Les confessions de Julie Masse

Moi aussi, j'ai droit à l'erreur

Pas de sa faute si elle est belle, la Julie aux yeux bleus. Pourtant, il y aura toujours des envieux dans la salle. Faut vivre avec. Mais qui se cache derrière cette jolie frimousse? Une femme qui, depuis deux ans, a grandi au rythme des joies et des peines. Vrai qu'elle est belle. Vrai qu'elle est talentueuse. Et qui a dit que les blondes n'avaient rien à dire? Nous avons affaire à une jeune femme intelligente qui s'est penchée sur elle-même. Elle a gagné en maturité. À preuve, ce nouvel album qui témoigne de l'évolution personnelle et artistique d'une fem me de 24 ans.

En octobre, Julie lançait son premier disque anglophone, Circle of One. Réaction spontanée à travers le Canada: en moins d'un mois, elle ajoutait un disque d'or à sa collection. Au fil des 10 chansons, l'interprète aborde des thèmes auxquels elle n'aurait pu toucher sur ses deux albums précédents. Peut-être par pudeur? «Oui, en partie. Mais aussi parce que j'ai pris du recul face à certaines choses et que je suis maintenant capable de les exprimer. Ça n'aurait pas été possible avant.» Julie fait le point.

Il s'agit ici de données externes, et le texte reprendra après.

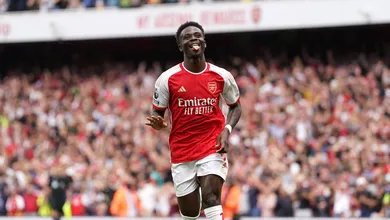 Arsenal levou um sustinho, mas dominou o Nottingham Forest e estreou com vit&oacute;ria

LE RESPECT DE LA VIE PRIVÉE

Le lancement de Circle of One fut l'un des gros événements artistiques de l'année. Comment as-tu vécu cette journée?
C'était effectivement énorme: il y avait 1 300 invités. J'ai donné ma première entrevue à 9h et ç'a été un feu roulant jusqu'en soirée. C'était à la fois excitant et frustrant. J'étais heureuse de revoir beaucoup de gens que je n'avais pas vus depuis longtemps, mais j'étais tellement sollicitée que je n'ai pu leur parler comme je l'aurais voulu.

Quelle est la première chose que tu as faite à la fin de la soirée?
Je suis allée me coucher. (Rires) J'étais complètement exténuée et il fallait que je sois debout le lendemain à 5h. Je n'ai pu finir la soirée avec mon imprésario (Serge Brouillette) et les proches collaborateurs. Je suis rentrée chez moi et j'étais encore survoltée. J'ai pris un bon bain en repensant à la journée, puis j'ai fait dodo.

Comment qualifierais-tu l'attitude des journalistes à ton égard cette journée-là?
Ils ont été très respectueux. La journée s'est très bien passée, parce que les journalistes savent que je ne parle pas de ma vie privée. C'est ma ligne de conduite depuis le début de ma carrière. Bien sûr, ils ont posé des questions, mais ils savaient bien que je ne dirais rien. C'est normal de vouloir savoir, c'est leur travail.

Il s'est pourtant écrit plein de choses avant, pendant et après la sortie du disque. N'en veux-tu pas aux médias?
Vraiment pas, même si tout ce qui s'est dit au sujet de ma vie privée s'est toujours fait à mon insu. Je pense à la mort de mon père ou à mon mariage, par exemple. Je suis un fille très privée. Ce qui se passe dans mon coeur, je le partage avec des personnes très proches et ça finit là. Ma meilleure amie, c'est Geneviève, ma cousine, avec qui j'ai grandi. Peu importe ce qui arrive, nous pouvons compter l'une sur l'autre. Je me confie aussi à ma famille. Mais je sais que le public aimerait tout savoir et je comprends ça. En contrepartie, je reçois beaucoup de témoignages de fans qui disent respecter ma vie privée. Je sens que les gens sont de mon côté. Bien sûr, ils sont curieux et aimeraient en savoir davantage, c'est humain.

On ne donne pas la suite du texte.